The Real Welfare Queens: Corporations Have Gotten Billions In Government Subsidies BY David Sirota March 31, 2014
Remember when President Obama was lambasted for saying “you didn't build that”? Turns out he was right, at least when it comes to lots of stuff built by the world’s wealthiest corporations. That’s the takeaway from this week’s new study of 25,000 major taxpayer subsidy deals over the last two decades. Entitled “Subsidizing the Corporate One Percent,” the report from the taxpayer watchdog group Good Jobs First shows that the world’s largest companies aren’t models of self-sufficiency and unbridled capitalism. To the contrary, they’re propped up by billions of dollars in welfare payments from state and local governments. Such subsidies might be a bit more defensible if they were being doled out in a way that promoted upstart entrepreneurialism. But as the study also shows, a full “three-quarters of all the economic development dollars awarded and disclosed by state and local governments have gone to just 965 large corporations”—not to the small businesses and startups that politicians so often pretend to care about. In dollar figures, that’s a whopping $110 billion going to big companies. Fortune 500 firms alone receive more than 16,000 subsidies at a total cost of $63 billion. These kinds of handouts, of course, are the definition of government intervention in the market. Nonetheless, those who receive the subsidies are still portrayed as free-market paragons.
Consider Charles and David Koch. Their company, Koch Industries, has relied on $88 million worth of government handouts. Yet, as the major financiers of the anti-government right, the Kochs are still billed as libertarian free-market activists. Similarly, behold the big tech firms. They are often portrayed as self-made success stories. Yet, as Good Jobs First shows, they are among the biggest recipients of the subsidies. Intel leads the tech pack with 58 subsidies worth $3.8 billion. Next up is IBM, which has received more than $1 billion in subsidies. Most of that is from New York—a state proudly promoting its corporate handouts in a new ad campaign. Then there’s Google’s $632 million and Yahoo’s $260 million—both sets of subsidies primarily from data center deals. And not to be forgotten is 38 Studios, the now bankrupt software firm that received $75 million in Rhode Island taxpayer cash. The company received the handout at the very moment Rhode Island was pleading “poverty” to justify cuts to public workers’ retirement benefits.
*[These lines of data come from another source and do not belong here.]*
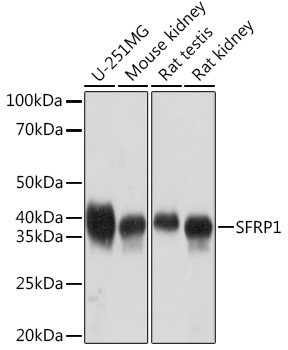 SFRP1 Rabbit mAb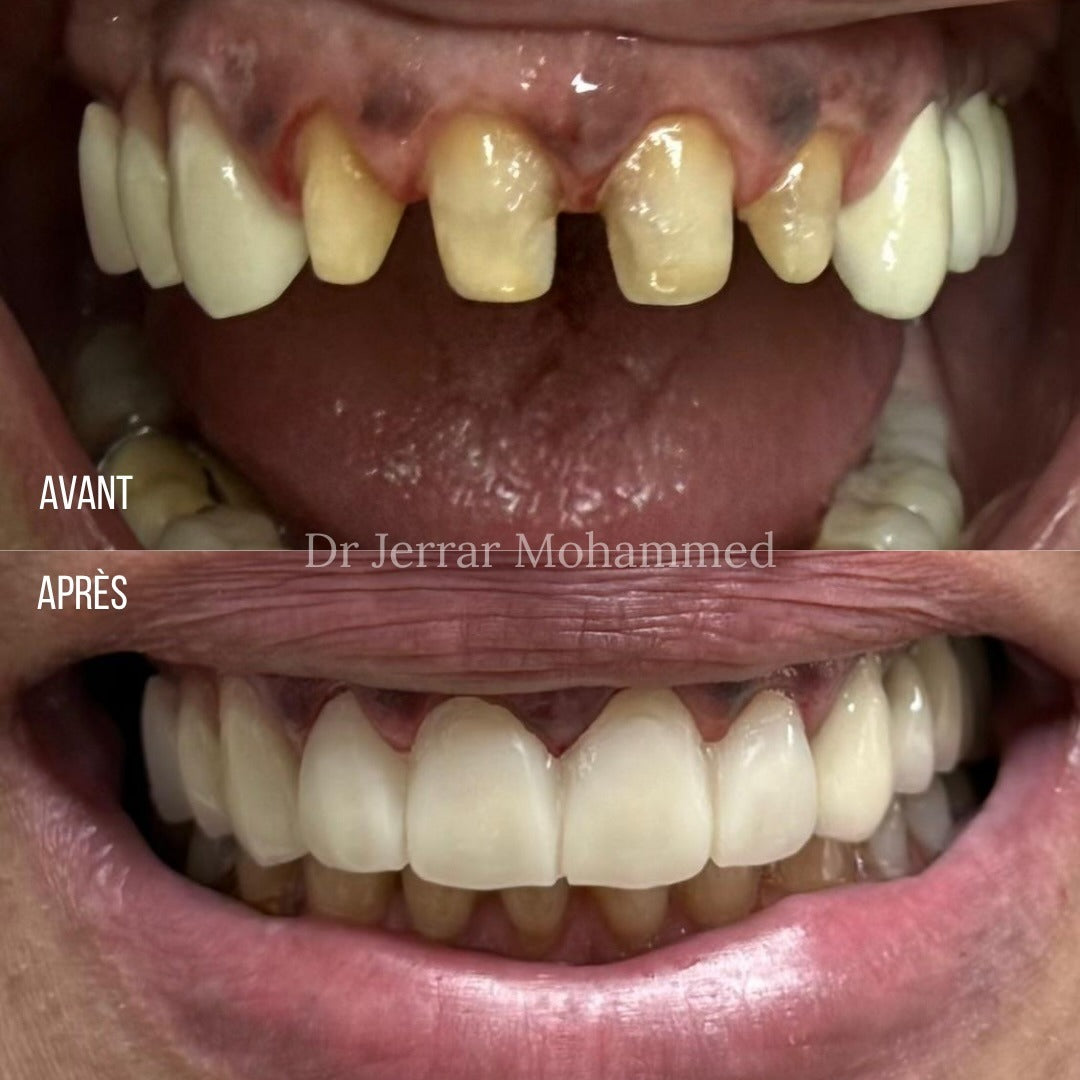 Avant et après : réhabilitation complète du sourire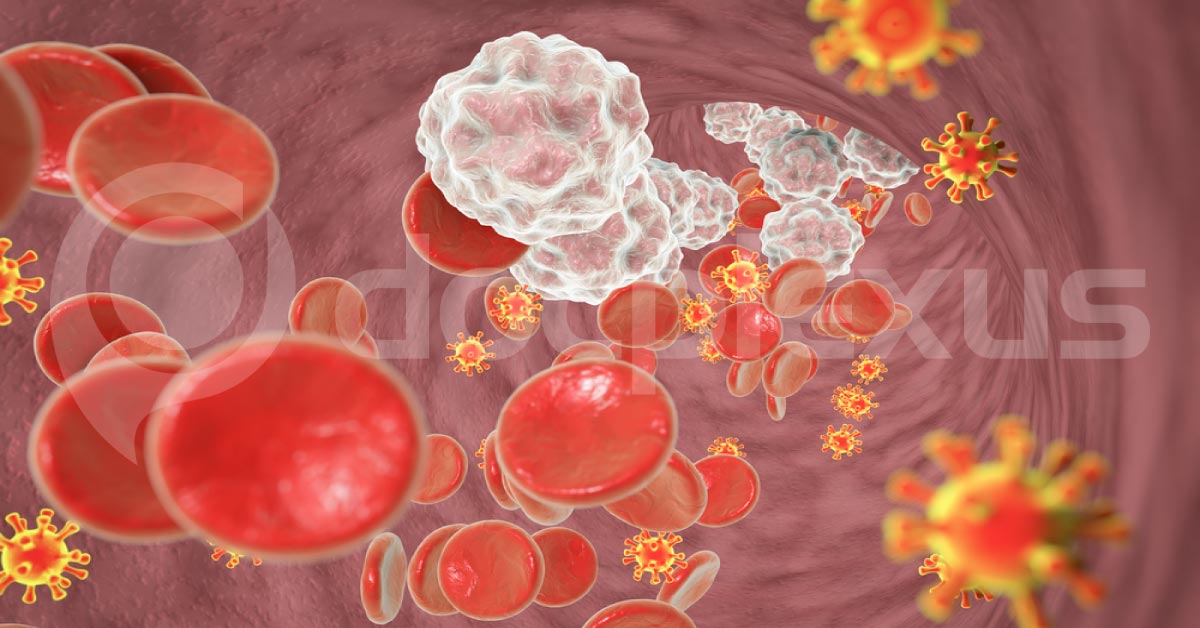 What Causes This Immunodeficiency?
Along with propping up companies that are supposedly free-market icons, the subsidies are also flowing to financial firms that have become synonymous with never-ending bailouts. Indeed, companies like Goldman Sachs, Bank of America and Citigroup—each of which were given massive taxpayer subsidies during the financial crisis—are the recipients of tens of millions of dollars in additional subsidies. All of these handouts, of course, would be derided if they were going to poor people. But because they are going to extremely wealthy politically connected conglomerates, they are typically promoted with cheery euphemisms like “incentives” or “economic development.” Those euphemisms persist even though many subsidies do not end up actually creating jobs. In light of that, the Good Jobs First report is a reality check on all the political rhetoric about dependency. Most of that rhetoric is punitively aimed at the poor. That’s because, unlike the huge corporations receiving all those subsidies, the poor don’t have armies of lobbyists and truckloads of campaign contributions that make sure programs like food stamps are shrouded in the anodyne argot of “incentives” and “development.” But as the report proves, if we are going to have an honest conversation about dependency and free markets, then the billions of dollars flowing to politically connected companies need to be part of the discussion.